A: Currently, it supports 10 major languages: Chinese, English, Japanese, Korean, German, French, Russian, Portuguese, Spanish, and Italian, along with various dialectal voice profiles.
Q: What is the difference between the Base model and the CustomVoice model?
A: The Base model is primarily designed for voice cloning, where you input a reference audio clip to mimic its timbre. The CustomVoice model includes several built-in premium preset voices (like Vivian, Ryan) and supports changing emotions and tones via instructions, making it more suitable for scenarios requiring direct use of fixed characters.
Q: Which produces better results: Voice Design or Voice Cloning?
A: It depends on your specific needs. If you have a specific target audio sample, voice cloning can reproduce that timbre to the greatest extent. If you want to create a character image that doesn’t exist (e.g., “a young, lively American girl”), the Voice Design model can generate a corresponding voice based on text descriptions. You can even combine both: first use the design model to generate reference audio, then use the clone model to generate content in batches.
Q: What hardware specifications are required for inference?
A: It is recommended to use a CUDA-compatible GPU. While the documentation does not specify a minimum VRAM requirement, considering the 1.7B parameter count and the use of FlashAttention, it is recommended to have at least 8GB of VRAM for a smooth experience. Using bfloat16 precision can further save memory.
Q: How can I implement streaming generation?
A: Qwen3-TTS’s model architecture natively supports streaming generation. When using vLLM or the qwen-tts package, simply calling the relevant interfaces allows you to leverage its low-latency streaming output capability.
Q: Why does the Web UI deployment for the Base model require HTTPS?

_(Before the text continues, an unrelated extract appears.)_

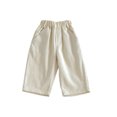 thumbnail image 4 of Ticikt Kids Corduroy Pants, Elastic Waist Solid Color Loose Wide‑Leg Trousers, Casual Straight Bottoms for Boys Girls,Beige, 4 of 7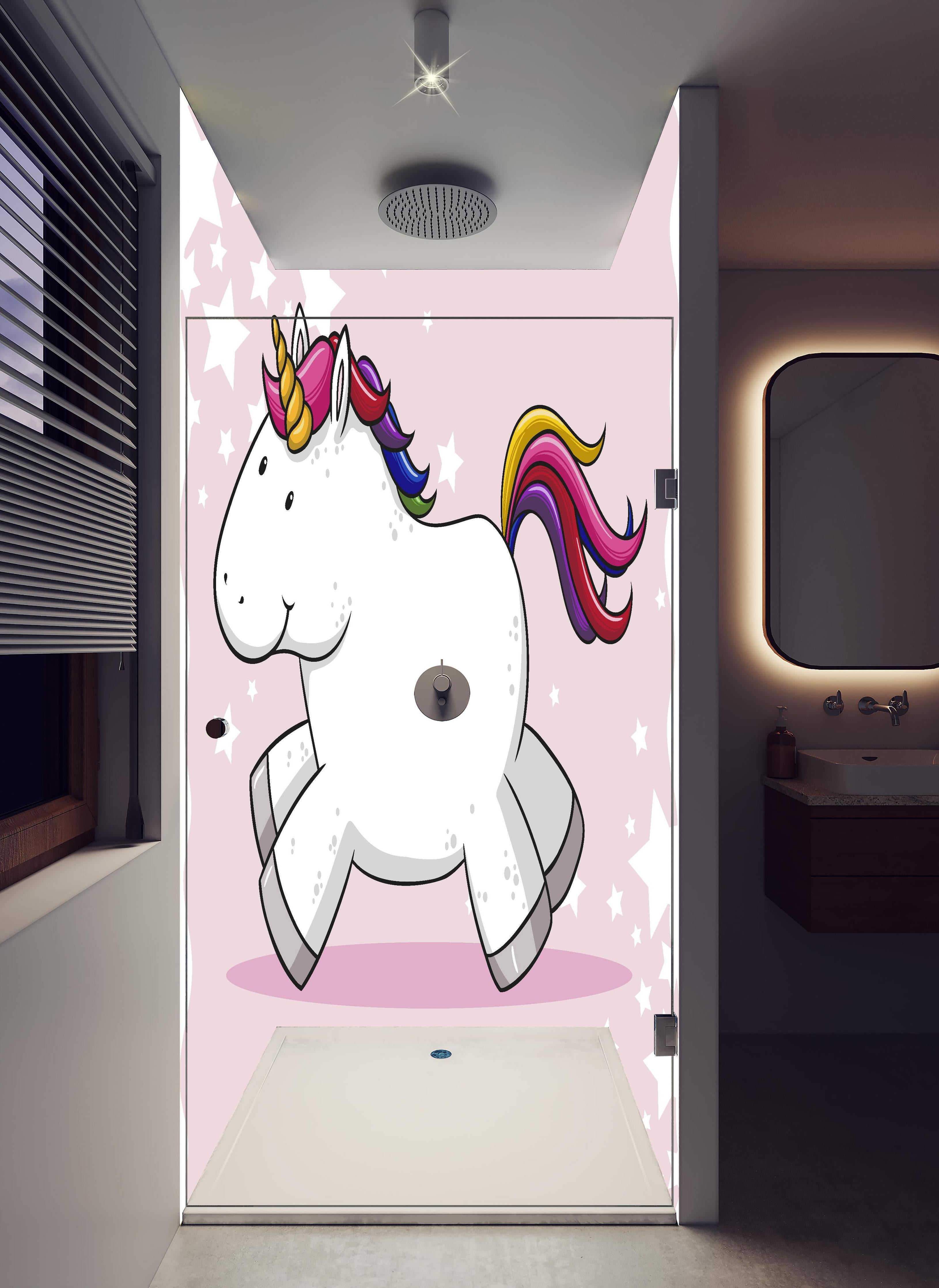 Duschrückwand - Spielzeug-Einhorn mit bunter Mähne Illustration in hellem Badezimmer mit Regenduschkopf - zweiteilige Eck-Duschrückwand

A: This is because the Base model’s Web UI needs to access the browser’s microphone to record reference audio. Modern browsers, for security reasons, typically only allow microphone access over HTTPS (or localhost). Therefore, SSL certificates must be configured for remote access.
Q: What is the difference between the 12Hz and 25Hz models?
A: The 12Hz models utilize the more advanced 12Hz Tokenizer (Qwen-TTS-Tokenizer-12Hz), which offers higher compression ratios and semantic modeling capabilities. According to evaluation data, the 12Hz models generally outperform the 25Hz models in terms of audio quality (PESQ, STOI) and most WER metrics.